» DIRECTIONS FOR THIS TASK
In the copy, every record below must appear exactly as given, and no picture may appear.

Saved data entries
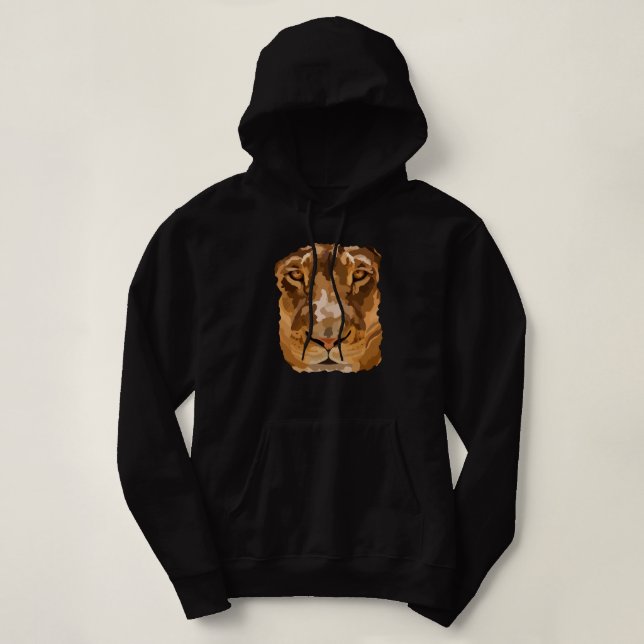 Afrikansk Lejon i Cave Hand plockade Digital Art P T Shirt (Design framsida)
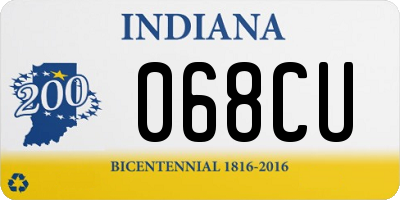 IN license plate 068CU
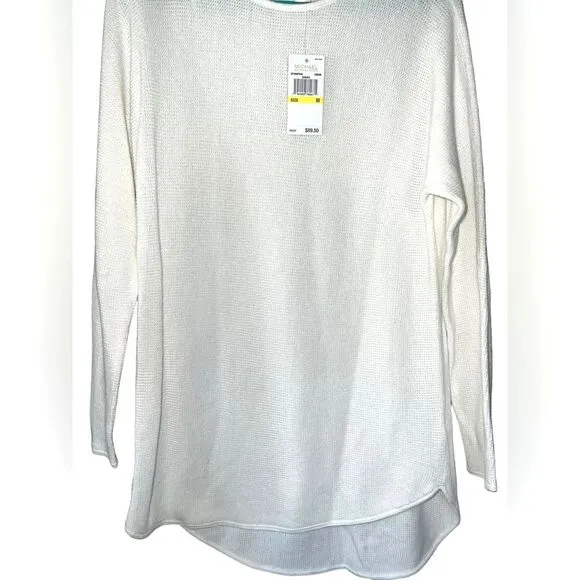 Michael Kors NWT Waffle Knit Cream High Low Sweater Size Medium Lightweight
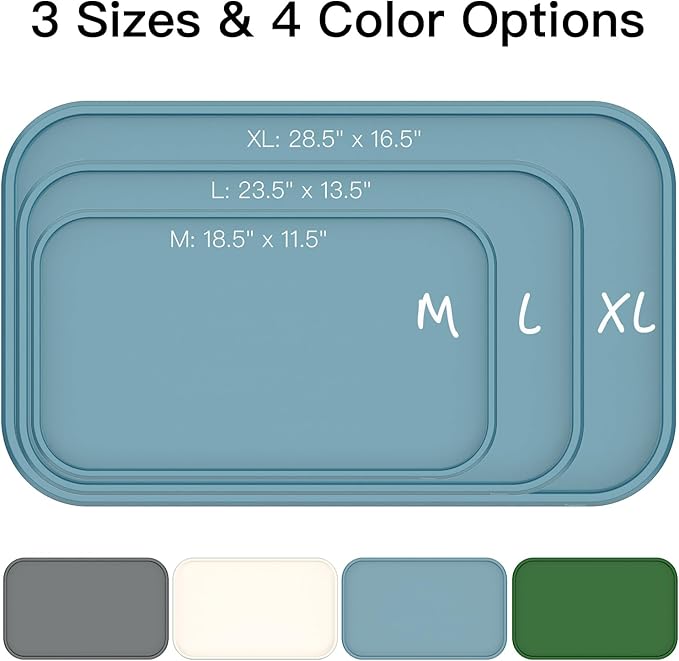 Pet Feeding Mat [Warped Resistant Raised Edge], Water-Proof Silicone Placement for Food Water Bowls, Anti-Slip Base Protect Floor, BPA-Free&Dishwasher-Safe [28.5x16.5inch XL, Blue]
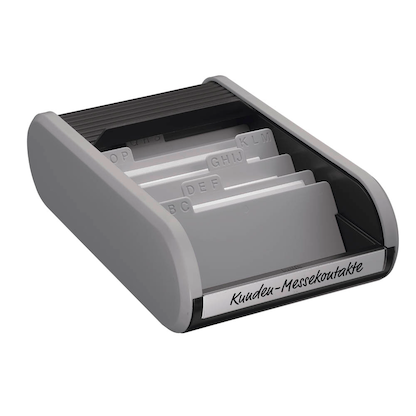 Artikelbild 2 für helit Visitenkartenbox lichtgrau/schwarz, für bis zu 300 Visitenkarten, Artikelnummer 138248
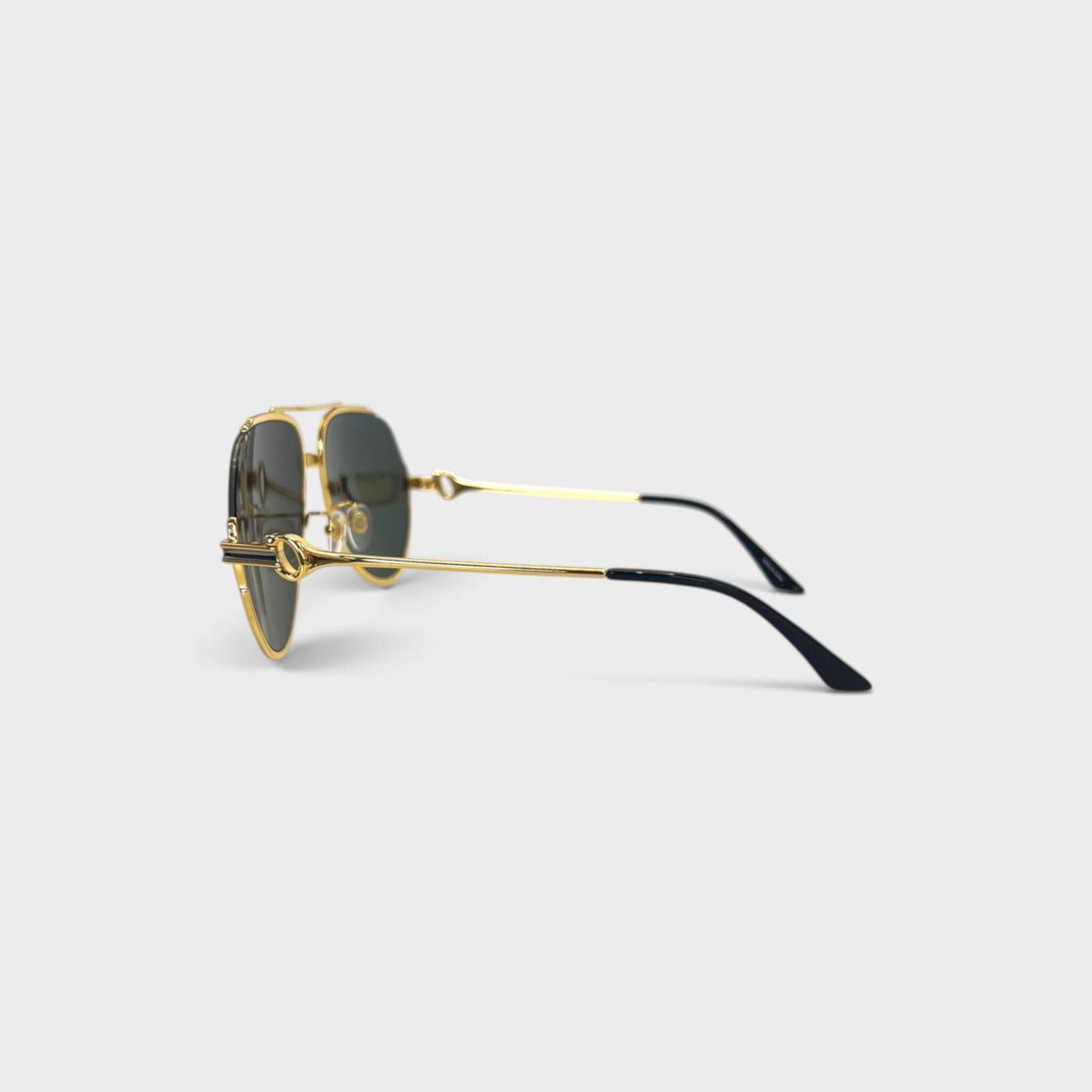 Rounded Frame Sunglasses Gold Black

» SOLUTION
 Afrikansk Lejon i Cave Hand plockade Digital Art P T Shirt (Design framsida)
 IN license plate 068CU
 Michael Kors NWT Waffle Knit Cream High Low Sweater Size Medium Lightweight
 Pet Feeding Mat [Warped Resistant Raised Edge], Water-Proof Silicone Placement for Food Water Bowls, Anti-Slip Base Protect Floor, BPA-Free&Dishwasher-Safe [28.5x16.5inch XL, Blue]
 Artikelbild 2 für helit Visitenkartenbox lichtgrau/schwarz, für bis zu 300 Visitenkarten, Artikelnummer 138248
 Rounded Frame Sunglasses Gold Black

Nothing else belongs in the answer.